There is no information about the early life of Armand Jerome, prior to his 'bursting upon Sydney like a brilliant meteor' in the early years of the 1890s, as one contemporary report phrased it. Jerome quickly gained the favour of numerous people in Sydney's theatre and bohemian circles by treating them to picnics and lavish suppers, and by passing as a relative of the British writer Jerome K. Jerome.

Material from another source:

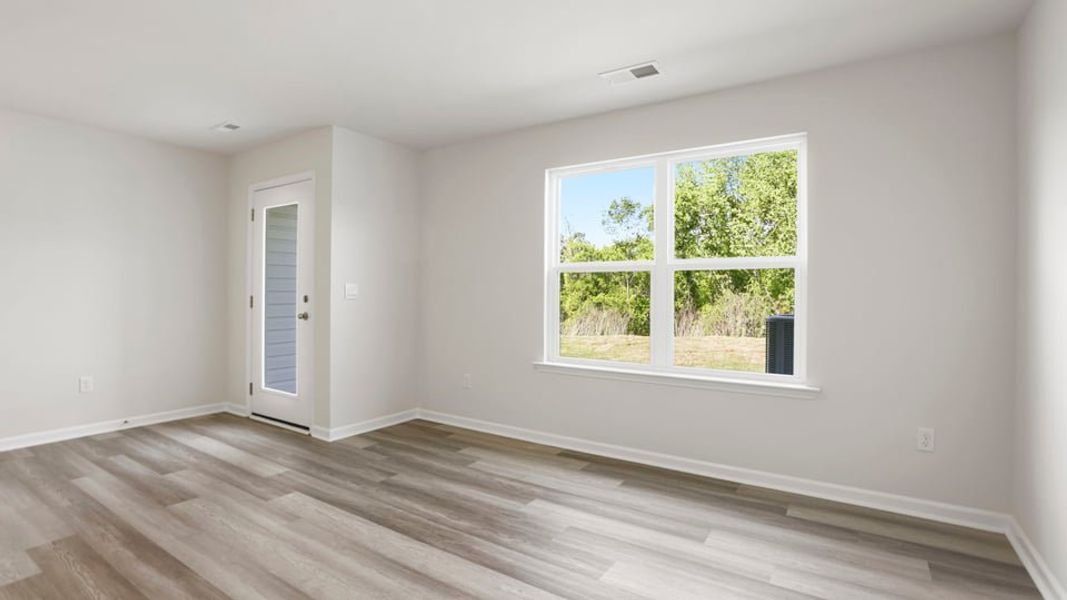 Spacious, unfurnished interior of a new home in Baxter Village, Boiling Springs (Image 25). Spacious, unfurnished interior of a new home in Baxter Village, Boiling Springs (Image 25).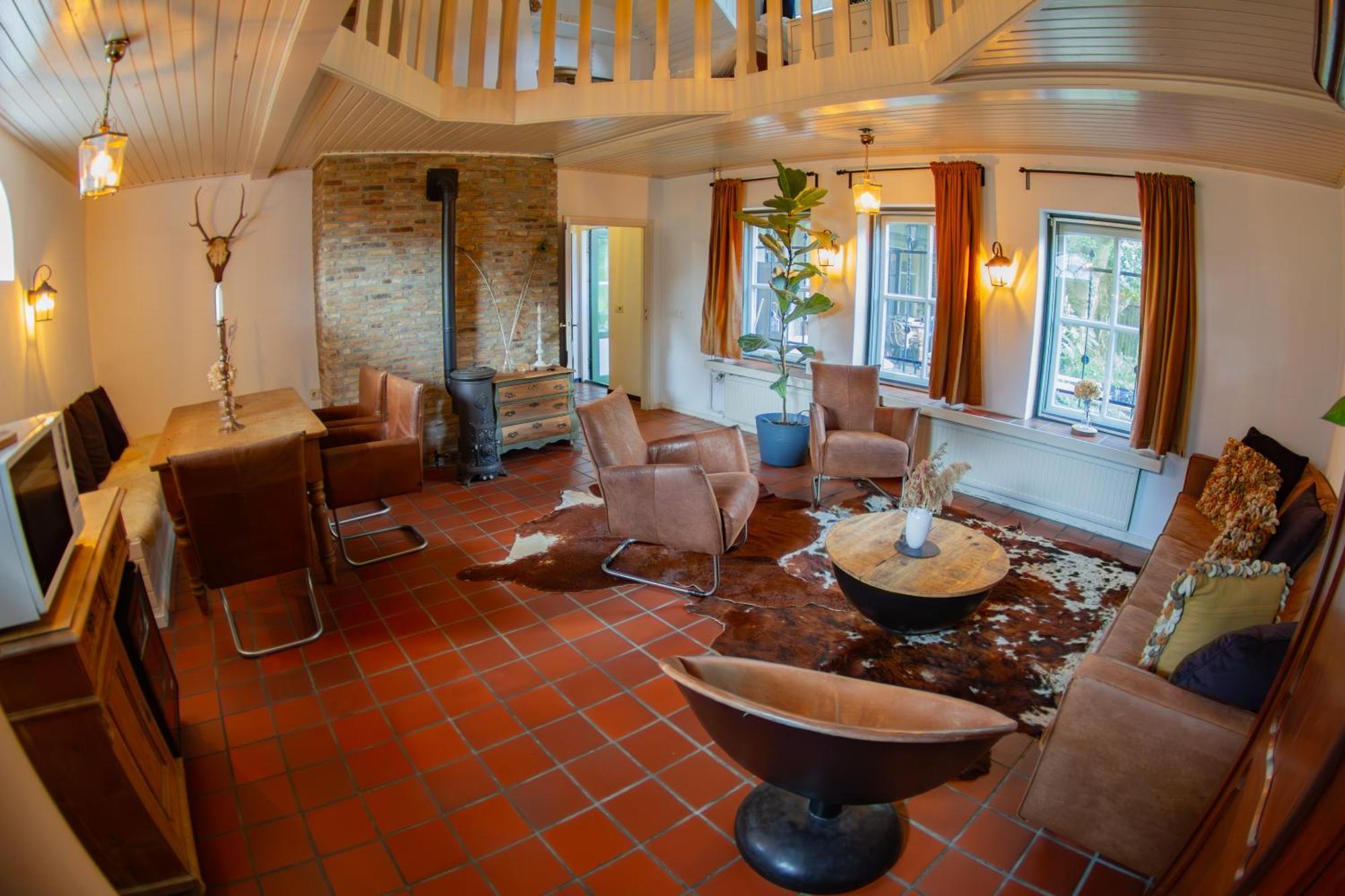 De Oude Pastorie Macharen Bed & Breakfast エクステリア 写真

Jerome said he had come to Australia from a visit to America, and he was generally regarded as a worldly, talented man who could play the piano, speak several languages, and who 'dallied with literature now and then merely as a recreation'. He showed his commitment to literature by founding Cosmos Magazine in 1894. While in Sydney, Jerome lived at the elegant Australia Hotel, which stimulated the sense that he was a wealthy man. At first, his creditors were generous, but in 1896 rumours started spreading that he was an impostor. Soon after, one of his creditors denounced Jerome for forging some documents in order to borrow ten pounds, which led to the issue of an arrest warrant in July of that year. By this time Jerome had left his usual place of residence, and the authorities initially believed that he had fled New South Wales.

Some four months after the event, Detectives Goulder and Hinds followed leads that pointed to Jerome's hiding place in Liverpool, thirty kilometres from Sydney. After seeing Jerome walking in the street, one of the detectives approached him and escorted him to the boarding house where he had been living under a false name. Newspaper accounts of the event remark approvingly on Jerome's courteousness towards the detectives, the fact that he was clean shaven, and that he changed his linen before being taken into custody at the Water Police Court (now the Justice and Police Museum in Sydney).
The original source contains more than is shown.